-1

I am using lapply to read a list of files. The files have multiple rows and columns, and I interested in the first row in the first column. The code I am using is:

lapply(file_list, read.csv,sep=',', header = F, col.names=F, nrow=1, colClasses = c('character', 'NULL', 'NULL'))

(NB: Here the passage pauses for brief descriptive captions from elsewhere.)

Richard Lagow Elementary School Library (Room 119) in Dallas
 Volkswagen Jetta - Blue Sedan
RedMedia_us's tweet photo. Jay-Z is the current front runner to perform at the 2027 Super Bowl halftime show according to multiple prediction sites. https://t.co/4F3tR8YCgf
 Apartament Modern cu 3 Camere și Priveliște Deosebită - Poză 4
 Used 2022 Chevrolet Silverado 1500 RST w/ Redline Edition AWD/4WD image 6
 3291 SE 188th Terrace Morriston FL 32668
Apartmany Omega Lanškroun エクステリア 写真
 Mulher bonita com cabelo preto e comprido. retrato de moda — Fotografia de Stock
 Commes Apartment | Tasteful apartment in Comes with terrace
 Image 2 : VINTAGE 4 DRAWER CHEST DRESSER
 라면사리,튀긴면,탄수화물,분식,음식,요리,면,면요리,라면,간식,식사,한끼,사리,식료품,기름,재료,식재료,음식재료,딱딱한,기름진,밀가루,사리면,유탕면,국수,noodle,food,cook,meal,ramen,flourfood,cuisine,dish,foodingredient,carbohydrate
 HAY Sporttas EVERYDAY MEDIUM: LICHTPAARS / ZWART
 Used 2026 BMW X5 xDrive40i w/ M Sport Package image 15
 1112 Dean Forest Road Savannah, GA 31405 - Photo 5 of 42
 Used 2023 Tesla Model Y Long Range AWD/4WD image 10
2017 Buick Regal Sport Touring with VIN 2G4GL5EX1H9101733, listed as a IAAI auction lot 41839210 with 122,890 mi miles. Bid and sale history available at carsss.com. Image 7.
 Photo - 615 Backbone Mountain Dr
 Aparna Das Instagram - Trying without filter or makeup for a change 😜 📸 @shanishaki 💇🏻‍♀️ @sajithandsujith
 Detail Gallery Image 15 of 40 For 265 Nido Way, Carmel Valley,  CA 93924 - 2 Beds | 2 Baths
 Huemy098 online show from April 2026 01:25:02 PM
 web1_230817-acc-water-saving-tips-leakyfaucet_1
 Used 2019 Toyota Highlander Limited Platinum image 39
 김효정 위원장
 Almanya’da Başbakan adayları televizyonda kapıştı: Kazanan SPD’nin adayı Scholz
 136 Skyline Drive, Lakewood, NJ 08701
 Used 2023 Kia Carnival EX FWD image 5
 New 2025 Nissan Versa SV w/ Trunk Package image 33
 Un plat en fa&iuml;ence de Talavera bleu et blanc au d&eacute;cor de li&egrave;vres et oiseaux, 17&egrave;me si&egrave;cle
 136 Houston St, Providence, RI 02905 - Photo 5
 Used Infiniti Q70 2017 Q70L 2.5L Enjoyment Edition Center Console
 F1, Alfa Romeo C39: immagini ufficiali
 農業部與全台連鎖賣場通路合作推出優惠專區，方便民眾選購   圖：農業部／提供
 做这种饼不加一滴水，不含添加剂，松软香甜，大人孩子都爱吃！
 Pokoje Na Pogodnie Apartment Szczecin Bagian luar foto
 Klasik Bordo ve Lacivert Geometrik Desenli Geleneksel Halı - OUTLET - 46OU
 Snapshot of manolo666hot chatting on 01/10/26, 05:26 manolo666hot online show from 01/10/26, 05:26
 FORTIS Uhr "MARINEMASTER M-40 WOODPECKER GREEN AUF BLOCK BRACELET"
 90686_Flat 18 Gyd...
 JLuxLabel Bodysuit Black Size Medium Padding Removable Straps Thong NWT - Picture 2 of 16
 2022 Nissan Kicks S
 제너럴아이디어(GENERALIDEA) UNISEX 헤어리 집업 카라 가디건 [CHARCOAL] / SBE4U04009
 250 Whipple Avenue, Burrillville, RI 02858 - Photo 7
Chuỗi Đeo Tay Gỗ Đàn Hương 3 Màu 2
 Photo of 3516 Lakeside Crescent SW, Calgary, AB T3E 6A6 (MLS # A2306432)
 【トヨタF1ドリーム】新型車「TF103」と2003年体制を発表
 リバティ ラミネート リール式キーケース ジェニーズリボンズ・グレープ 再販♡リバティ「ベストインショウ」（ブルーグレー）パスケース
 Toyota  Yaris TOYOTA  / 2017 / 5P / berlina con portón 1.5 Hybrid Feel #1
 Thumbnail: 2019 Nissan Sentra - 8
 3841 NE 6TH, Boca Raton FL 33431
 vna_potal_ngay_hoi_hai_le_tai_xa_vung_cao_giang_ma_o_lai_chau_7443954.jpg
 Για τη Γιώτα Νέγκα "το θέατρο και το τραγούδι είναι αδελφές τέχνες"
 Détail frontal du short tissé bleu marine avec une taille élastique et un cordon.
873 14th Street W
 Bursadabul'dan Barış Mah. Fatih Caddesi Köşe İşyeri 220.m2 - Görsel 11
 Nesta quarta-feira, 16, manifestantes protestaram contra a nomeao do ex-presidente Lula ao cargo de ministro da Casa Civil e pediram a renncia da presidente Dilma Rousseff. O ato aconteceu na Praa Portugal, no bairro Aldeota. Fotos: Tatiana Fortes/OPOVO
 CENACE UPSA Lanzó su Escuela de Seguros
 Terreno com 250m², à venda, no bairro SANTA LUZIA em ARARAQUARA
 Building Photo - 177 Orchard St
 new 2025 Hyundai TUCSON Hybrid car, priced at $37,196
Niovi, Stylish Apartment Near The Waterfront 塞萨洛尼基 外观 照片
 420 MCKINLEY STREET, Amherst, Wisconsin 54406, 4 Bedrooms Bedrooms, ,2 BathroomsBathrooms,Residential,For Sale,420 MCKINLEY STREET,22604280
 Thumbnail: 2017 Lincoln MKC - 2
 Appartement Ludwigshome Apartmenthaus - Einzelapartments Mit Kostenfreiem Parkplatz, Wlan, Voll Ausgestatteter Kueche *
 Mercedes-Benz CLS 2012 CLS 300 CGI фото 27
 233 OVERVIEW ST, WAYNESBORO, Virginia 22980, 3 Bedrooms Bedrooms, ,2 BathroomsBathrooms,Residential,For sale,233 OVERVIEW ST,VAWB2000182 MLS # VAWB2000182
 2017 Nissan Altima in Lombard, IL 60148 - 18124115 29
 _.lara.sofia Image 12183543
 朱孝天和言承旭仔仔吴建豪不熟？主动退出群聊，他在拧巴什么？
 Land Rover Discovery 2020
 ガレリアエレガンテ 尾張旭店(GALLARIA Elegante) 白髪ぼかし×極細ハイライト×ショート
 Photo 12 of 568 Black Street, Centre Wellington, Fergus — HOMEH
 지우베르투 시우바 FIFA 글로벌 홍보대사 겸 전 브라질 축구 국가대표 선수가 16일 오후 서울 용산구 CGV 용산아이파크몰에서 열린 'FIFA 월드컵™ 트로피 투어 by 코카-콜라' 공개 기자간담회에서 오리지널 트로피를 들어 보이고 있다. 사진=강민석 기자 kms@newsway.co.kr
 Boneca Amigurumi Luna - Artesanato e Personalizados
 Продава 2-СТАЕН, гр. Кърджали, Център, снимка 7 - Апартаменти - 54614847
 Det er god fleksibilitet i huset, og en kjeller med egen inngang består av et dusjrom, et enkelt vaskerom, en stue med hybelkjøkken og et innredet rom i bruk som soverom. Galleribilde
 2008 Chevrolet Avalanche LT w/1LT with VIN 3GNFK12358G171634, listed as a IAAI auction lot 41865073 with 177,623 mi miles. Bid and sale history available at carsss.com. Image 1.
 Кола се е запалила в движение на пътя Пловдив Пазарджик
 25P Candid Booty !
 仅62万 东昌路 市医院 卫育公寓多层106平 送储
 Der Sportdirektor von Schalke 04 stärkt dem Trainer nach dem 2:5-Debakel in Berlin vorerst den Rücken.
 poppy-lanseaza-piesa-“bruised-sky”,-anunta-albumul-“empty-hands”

The first row has three columns but I am only reading the first one. From other posts on stackoverflow I found that the way to do this would be to use colClasses = c('character', 'NULL', 'NULL'). While this approach is working, I would like to know the underlying issue that is causing the following error message to be generated and hopefully prevent it from popping up:

"In read.table(file = file, header = header, sep = sep, quote = quote, : cols = 1 != length(data) = 3"

A. Suliman
  • 12,923
  • 5
  • 24
  • 37
Tanjil
  • 198
  • 1
  • 17

1 Answers1

3

It's to let you know that you're just keeping one column of the data out of three because it doesn't know how to handle colClasses of "NULL". Note your NULL is in quotation marks.

An example:

write.csv(data.frame(fi=letters[1:3],
                            fy=rnorm(3,500,1),
                            fo=rnorm(3,50,2))
,file="a.csv",row.names = F)

write.csv(data.frame(fib=letters[2:4],
                     fyb=rnorm(3,5,1),
                     fob=rnorm(3,50,2))
          ,file="b.csv",row.names = F)

file_list=list("a.csv","b.csv")

lapply(file_list, read.csv,sep=',', header = F, col.names=F, nrow=1, colClasses = c('character', 'NULL', 'NULL'))

Which results in:

[[1]]
  FALSE.
1     fi

[[2]]
  FALSE.
1    fib

Warning messages:
1: In read.table(file = file, header = header, sep = sep, quote = quote,  :
  cols = 1 != length(data) = 3

Which is the same as if you used:

lapply(file_list, read.csv,sep=',', header = F, col.names=F,
 nrow=1, colClasses = c('character', 'asdasd', 'asdasd'))

But the warning goes away (and you get the rest of the row as a result) if you do:

lapply(file_list, read.csv,sep=',', header = F, col.names=F,
  nrow=1, colClasses = c( 'character',NULL, NULL))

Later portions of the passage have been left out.